As the politics of the tax-cut fight move to center stage, far more important issues are being pushed into the background. Letting the high-end tax cuts expire, for instance, is a crucial step in the long process of reducing the federal budget deficit. Extending them will add $700 billion more to the debt over the next decade than under the Obama administration’s tax proposal — and for what? To bolster the weak economy, the money would be better spent in any of several more demonstrably effective ways, like payroll tax cuts, infrastructure spending or state aid to hire more teachers and police.
Letting the high-end cuts expire would also be a strong signal to the nation’s creditors that Congress has the political will to cut deficits and, by extension, to prudently service debts. Delaying a vote on the tax cuts leaves that message hopelessly muddled.
To their credit, 46 House Democrats sent a letter recently urging Speaker Nancy Pelosi to hold a vote on the tax cuts before the election. But 31 other Democrats — many of them self-described deficit hawks — also sent a letter urging that the high-end tax cuts be extended.
The American public is right to be confused and distrustful of its elected representatives.

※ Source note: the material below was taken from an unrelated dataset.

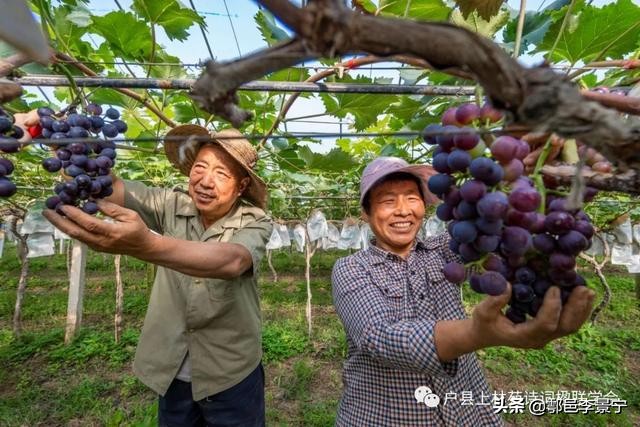 诗画鄠邑摄影大赛,鄠邑区诗画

Their focus on the well-being of the richest Americans is eclipsing the needs and concerns of vulnerable Americans. A roughly $1 billion pro-work program in last year’s stimulus law that has provided jobs to 250,000 low-income workers is scheduled to expire at the end of September. But with less than a week to go before adjourning, Democrats have been unable to get Republican support to extend the program or, it seems, to make the Republicans pay a political price for being the Party of No.
This program is a model of the welfare-to-work initiatives long championed by the Republican Party. But Republican lawmakers would prefer to end it than to let the Obama stimulus package be seen as helpful. So deep is their desire to thwart Mr. Obama and the Democrats, that they are ignoring Republican governors who have called for the program’s continuation. And they have indicated they would vote down a must-pass spending bill and other last-minute legislation if Democrats attach a provision to extend the program to those bills.
That is pure obstructionism, but it leaves Democrats still struggling to challenge the Republicans’ ability to define the terms of the political debate this election season, while Americans who really need the help go without.
As Roger Cohen in London wrote in the International Herald Tribune, comparing the U.S. to other nations moving ahead [italics in original]:
Britain has similar post-binge economic problems — of personal and national debt and spiraling deficits. But Conservative Prime Minister David Cameron and his Liberal Democrat partners have actually put bipartisanship to work — did any Republicans notice? They are looking to lock in five years of stability through a new law and push through painful cuts across government departments.
Five years is a decent stretch. In America today, quarter-to-quarter concerns hem in even a visionary chief executive.
The policy debate in the United States is head-spinning. Nobody knows if there’s going to be more fiscal stimulus, after the first $787 billion, or how a row over taxes will end. Under an Obama proposal, Bush-era tax cuts are due to expire at year-end for affluent couples and small business owners earning over $250,000. Republicans are digging in, saying it’s crazy to raise taxes in a faltering economy.
It’s not crazy. Ending the tax cuts for the rich is a minimum signal for a divided land, a statement that the two Americas are acquainted with each other.
But with Obama facing a stinging midterm defeat, it looks like a long shot. What is needed above all is some clarity and sense of direction — the kind Cameron has given in London and booming China consistently applies.